Each record below should be written out again exactly.

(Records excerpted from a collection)
====================
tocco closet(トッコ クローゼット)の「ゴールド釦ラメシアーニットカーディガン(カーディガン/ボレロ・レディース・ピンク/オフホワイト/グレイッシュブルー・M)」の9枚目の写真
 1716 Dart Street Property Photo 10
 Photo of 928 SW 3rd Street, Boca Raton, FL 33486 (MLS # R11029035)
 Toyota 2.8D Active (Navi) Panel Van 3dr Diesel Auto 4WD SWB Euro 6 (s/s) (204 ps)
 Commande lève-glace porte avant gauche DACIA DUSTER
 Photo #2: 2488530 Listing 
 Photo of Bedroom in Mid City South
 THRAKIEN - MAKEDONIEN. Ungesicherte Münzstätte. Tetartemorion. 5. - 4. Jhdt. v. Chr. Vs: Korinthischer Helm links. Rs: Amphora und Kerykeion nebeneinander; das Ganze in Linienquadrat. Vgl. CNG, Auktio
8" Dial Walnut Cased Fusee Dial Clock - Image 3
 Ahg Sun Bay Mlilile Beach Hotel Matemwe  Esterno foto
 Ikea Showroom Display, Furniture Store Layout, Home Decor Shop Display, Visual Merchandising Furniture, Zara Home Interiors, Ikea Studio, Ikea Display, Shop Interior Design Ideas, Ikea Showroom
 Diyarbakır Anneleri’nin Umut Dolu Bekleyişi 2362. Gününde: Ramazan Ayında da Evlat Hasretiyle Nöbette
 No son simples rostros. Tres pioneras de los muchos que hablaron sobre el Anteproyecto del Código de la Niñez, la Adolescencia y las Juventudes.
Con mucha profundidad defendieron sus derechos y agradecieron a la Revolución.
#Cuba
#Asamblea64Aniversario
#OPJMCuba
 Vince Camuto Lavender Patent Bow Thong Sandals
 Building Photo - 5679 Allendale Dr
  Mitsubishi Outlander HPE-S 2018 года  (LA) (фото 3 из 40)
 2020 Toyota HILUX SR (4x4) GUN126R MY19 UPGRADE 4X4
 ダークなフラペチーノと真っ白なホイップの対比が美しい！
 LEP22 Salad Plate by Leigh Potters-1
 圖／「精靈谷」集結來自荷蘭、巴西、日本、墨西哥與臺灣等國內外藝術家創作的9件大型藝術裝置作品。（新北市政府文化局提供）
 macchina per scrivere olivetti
====================
> [RESPONSE AREA]
tocco closet(トッコ クローゼット)の「ゴールド釦ラメシアーニットカーディガン(カーディガン/ボレロ・レディース・ピンク/オフホワイト/グレイッシュブルー・M)」の9枚目の写真
 1716 Dart Street Property Photo 10
 Photo of 928 SW 3rd Street, Boca Raton, FL 33486 (MLS # R11029035)
 Toyota 2.8D Active (Navi) Panel Van 3dr Diesel Auto 4WD SWB Euro 6 (s/s) (204 ps)
 Commande lève-glace porte avant gauche DACIA DUSTER
 Photo #2: 2488530 Listing 
 Photo of Bedroom in Mid City South
 THRAKIEN - MAKEDONIEN. Ungesicherte Münzstätte. Tetartemorion. 5. - 4. Jhdt. v. Chr. Vs: Korinthischer Helm links. Rs: Amphora und Kerykeion nebeneinander; das Ganze in Linienquadrat. Vgl. CNG, Auktio
8" Dial Walnut Cased Fusee Dial Clock - Image 3
 Ahg Sun Bay Mlilile Beach Hotel Matemwe  Esterno foto
 Ikea Showroom Display, Furniture Store Layout, Home Decor Shop Display, Visual Merchandising Furniture, Zara Home Interiors, Ikea Studio, Ikea Display, Shop Interior Design Ideas, Ikea Showroom
 Diyarbakır Anneleri’nin Umut Dolu Bekleyişi 2362. Gününde: Ramazan Ayında da Evlat Hasretiyle Nöbette
 No son simples rostros. Tres pioneras de los muchos que hablaron sobre el Anteproyecto del Código de la Niñez, la Adolescencia y las Juventudes.
Con mucha profundidad defendieron sus derechos y agradecieron a la Revolución.
#Cuba
#Asamblea64Aniversario
#OPJMCuba
 Vince Camuto Lavender Patent Bow Thong Sandals
 Building Photo - 5679 Allendale Dr
  Mitsubishi Outlander HPE-S 2018 года  (LA) (фото 3 из 40)
 2020 Toyota HILUX SR (4x4) GUN126R MY19 UPGRADE 4X4
 ダークなフラペチーノと真っ白なホイップの対比が美しい！
 LEP22 Salad Plate by Leigh Potters-1
 圖／「精靈谷」集結來自荷蘭、巴西、日本、墨西哥與臺灣等國內外藝術家創作的9件大型藝術裝置作品。（新北市政府文化局提供）
 macchina per scrivere olivetti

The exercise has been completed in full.